自分らしさとは、それぞれがもともと生まれ持った資質を時間をかけて大事に育んだ結果であり、取ってつけたようなものを付け加えようとしてもそれは手にはなじまない。

その資質はポーカーのカードのようにチェンジすることは許されず、生まれ持ったものと向き合うしかない。


しかもそれだけじゃない。

現代社会において疎まれるタイプの自分らしさを磨き上げて、開花させているから好んで見ていたんだ。

そして自分も同様に、開花させにくい疎まれる自分らしさを持っていたんだ。


彼らよりもっとトークスキルがある人、もっと文章力がある人はいくらでもいる。

でも自分が求めていたのは面白い話ではなく、その人の話。
面白い文章ではなく、その人の文章を求めていたんだ。

だから他の誰かと比べてスキルが低いとか、Aという学校を出ていないとか、Bという資格を持っていないとか、そういう批判は全く的外れだ。

僕は彼らの能力が高いから好きになったわけじゃない。

その人がその人であることを好きになった。
世界で唯一無二のその人間を見に来てる。



思えば、彼らと出会うまでの日々はまるで牢獄だった。

平板な図形が延々と続くモノクロームの牢獄だった。
その無機質な世界の中で誰が最も従順であるかを競わされていた。

似たような格好の奴らが
似たような言葉を話し
似たような目標を掲げ
似たような表情で俺のことを見下していた。

殺してやりたいと拳を握りしめた。
でも自分は弱くて何も出来なかった。

彼らはそんな世界から僕を連れ出してくれた。
視界に彩りをくれた。真っ黒な心に火が灯った。



自分らしさが他者へ与える快

自分らしさとは、基本的に他者に快を与えるものだと思う。

一般的にはよくないことだとしても、その人がやると心地良かったり、なんか笑っちゃうことってある。僕はそういう種類の笑いが好きで仕方ない。

自分らしさが不快を感じさせるとしたら、そのほとんどは嫉妬だ。

自分らしく生きられていない人や、そのための挑戦をしたかったけど勇気が出なかった人は、眼前に実物を提示されると嫉妬して怒りに狂う。

その口からは、「常識」とか「ルール」とか「人のため」という言葉がさぞかしたくさん放出されていることだろう。
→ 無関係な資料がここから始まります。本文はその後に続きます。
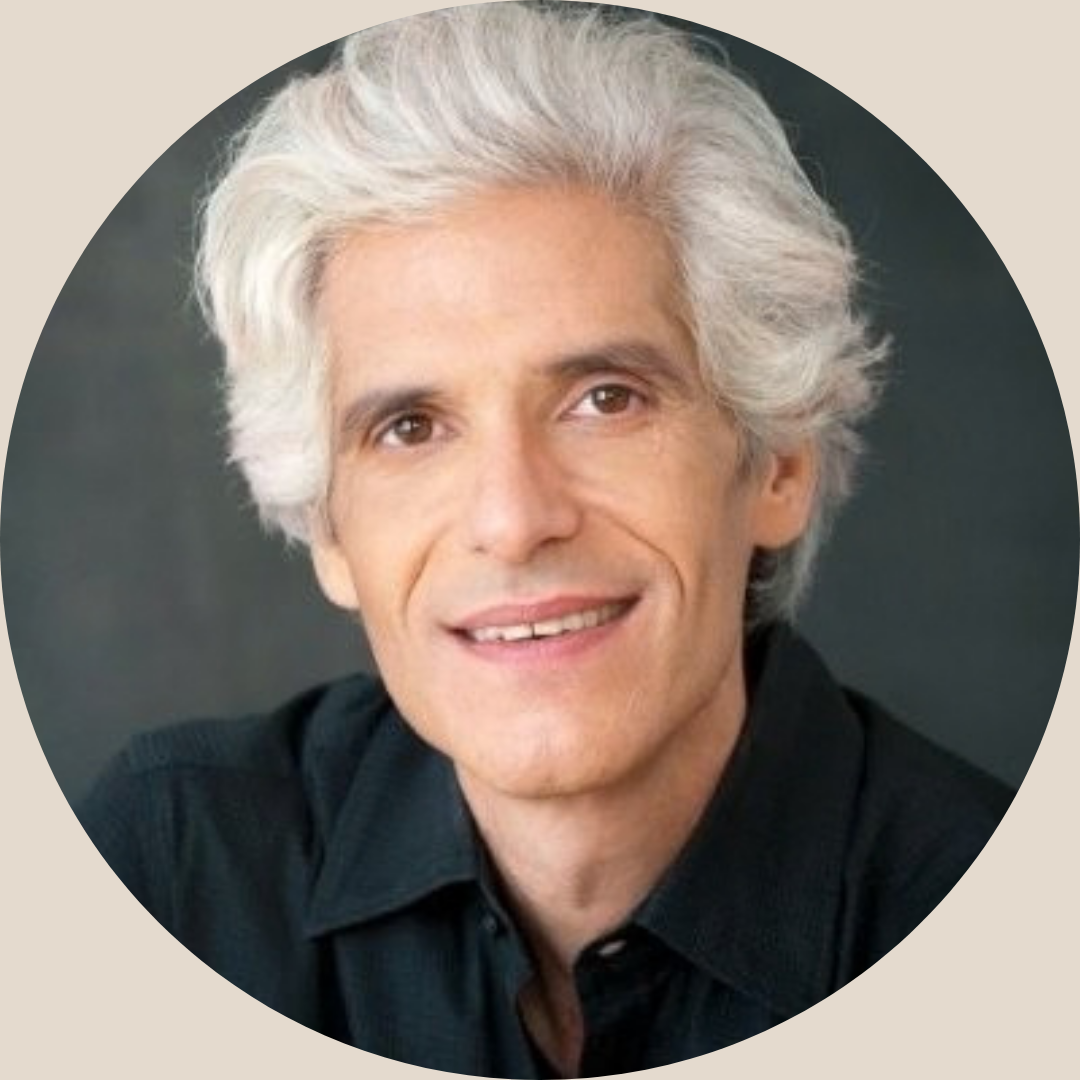 Portrait of a smiling man with gray hair wearing a black shirt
逆に自分を偽ることは、他者に不快をもたらすことが多いと思う。

小手先のイミテーションも時間がその本性をあらわにしてしまう。


自分らしくあることの美しさは、動物のしなやかな美しさにも似ている気がする。

サバンナを雄々しく駆けるライオン。
その動向を警戒するシマウマ。
大きな群れで行動するという戦略を選んだヌー。
天上から全てを睥睨するワシ。

そこに善悪はなく、ただ熱がある。

中島敦の小説に出てきそうな生命の躍動がそこにはある。


人間は知恵を付けた分生存に有利となり、他の種を押しのけて地上の王となったが、その中で失われたものがあるのかもしれない。


そして自分も自分になっていく

そんな先人たちの背中を見ながら、自分自身もこのnoteという場所で自分が自分になっていくという作業をしていたんだ。
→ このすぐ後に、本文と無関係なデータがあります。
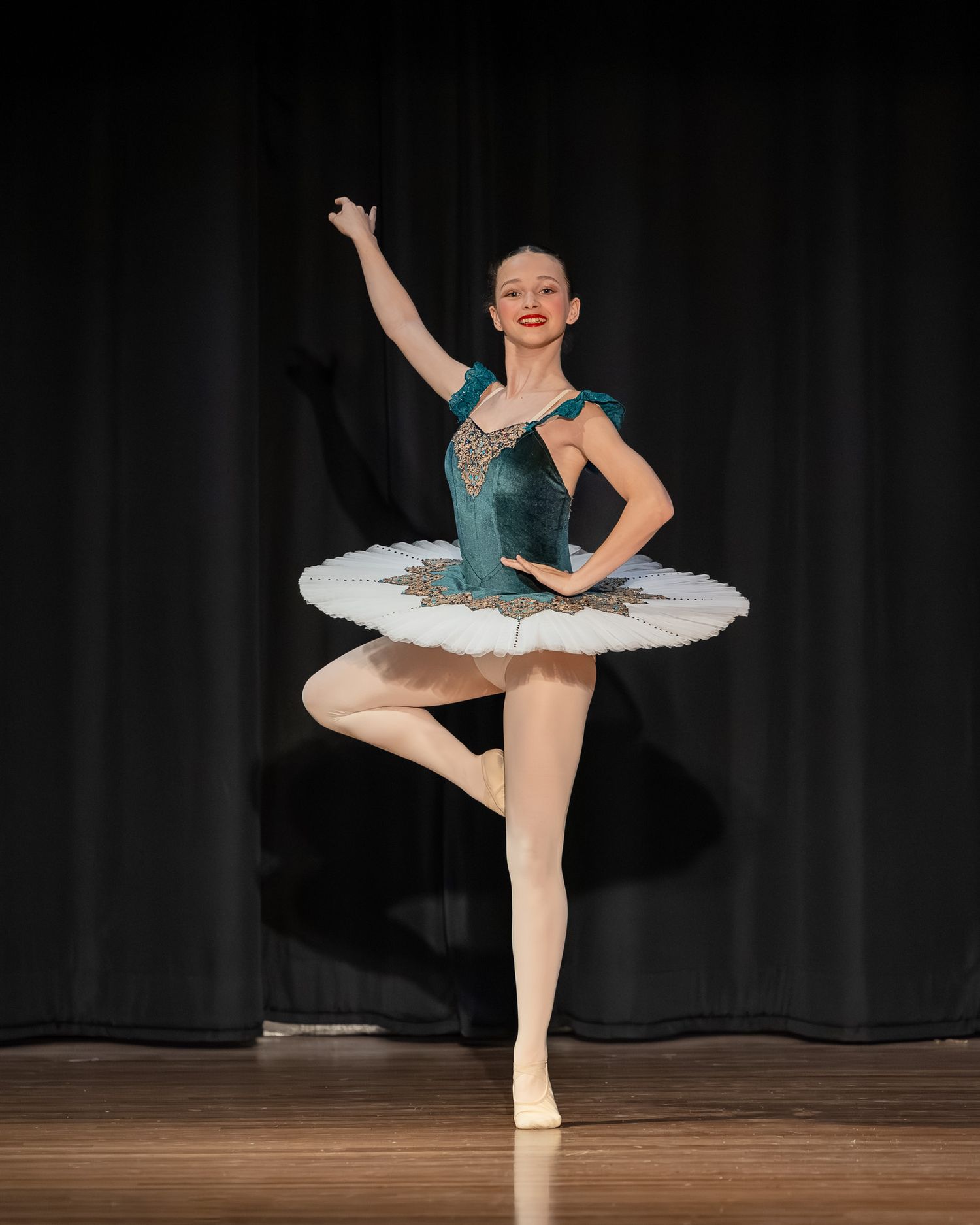 Young ballerina in teal velvet tutu performs elegant pose on stage under spotlight during ballet recital.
表現していく上で文章力も大切だけど、最も重要なのは自分が自分になっていくということだったんだ。


僕はnoteを始めてから現在でだいたい二年ほどなんですが、二年にしてようやく自分が憧れ追求してきたことに気づきました。

振り返れば「自分らしさ」とか「個性」の話多すぎ。


ここから先は、さらに深く潜る。

人と人は違っていて当たり前なので、どこかの部分で「私と同じだ」ということにあまりに執着しすぎていて、違いを許せない方にはしんどいと思いますよ。ご用心を。

僕は自分のことを善人だと言ったこともなければ、そう思ったこともない。


現在のネット上では言いにくいこと、やりにくい振る舞いというのがあると思います。でも流行や風潮というものは風向きのごとく変わっていきます。
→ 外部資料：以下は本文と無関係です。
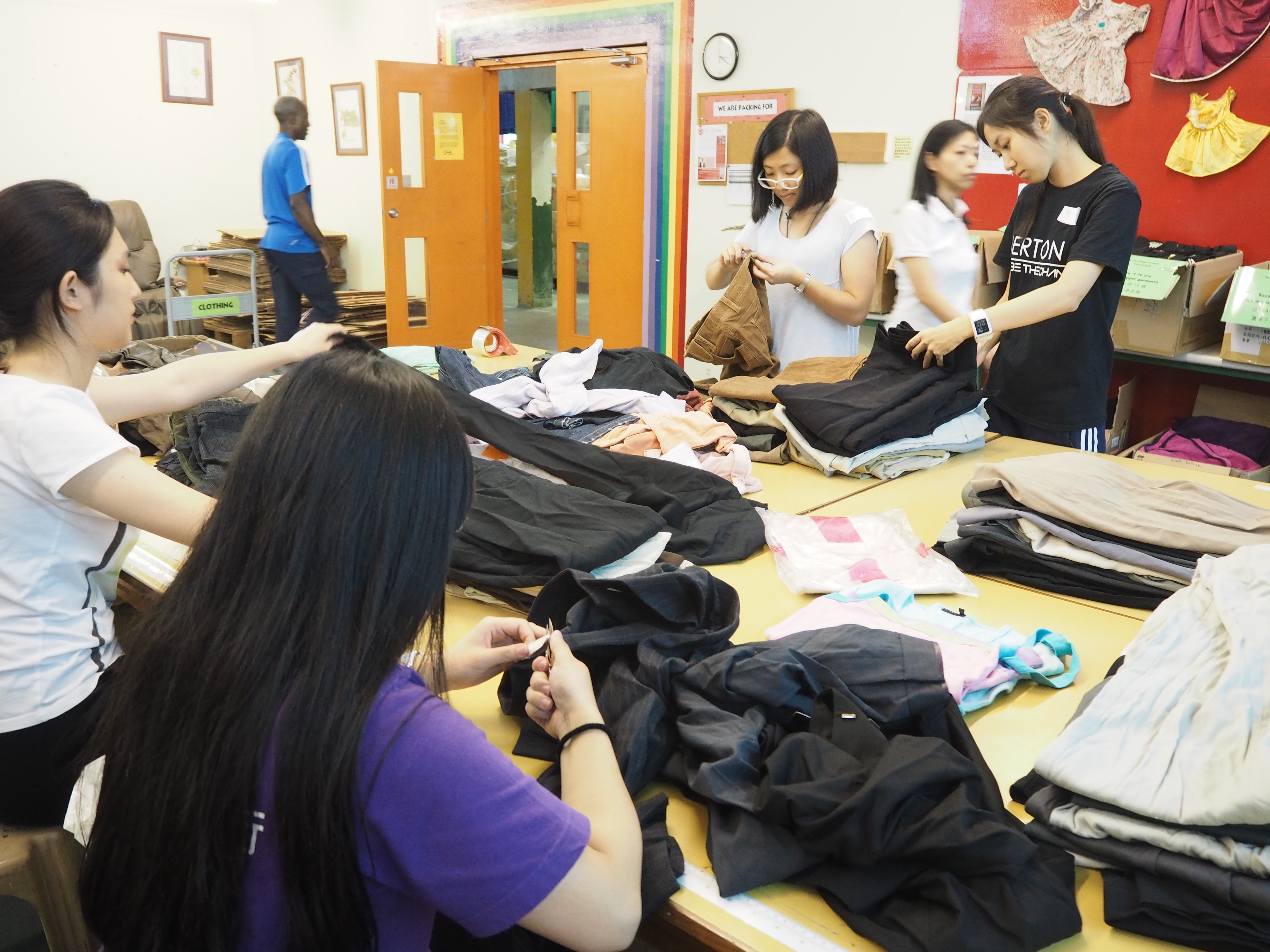 Volunteers processing the donated clothes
五年後、十年後、そしてもっと長い時間軸で考えて後悔のないこと、後に残るものって何なんだろう。それを考えてやっていきたいですね。

空気を読んで本心を隠したり時期尚早に無理やり前向きにならず、悲しい時は本気で悲しみ、腹立たしいときは本気で怒る。

今の風当たりは強いかもしれないけど、僕はそんな人が好きです。自分もそうでありたい。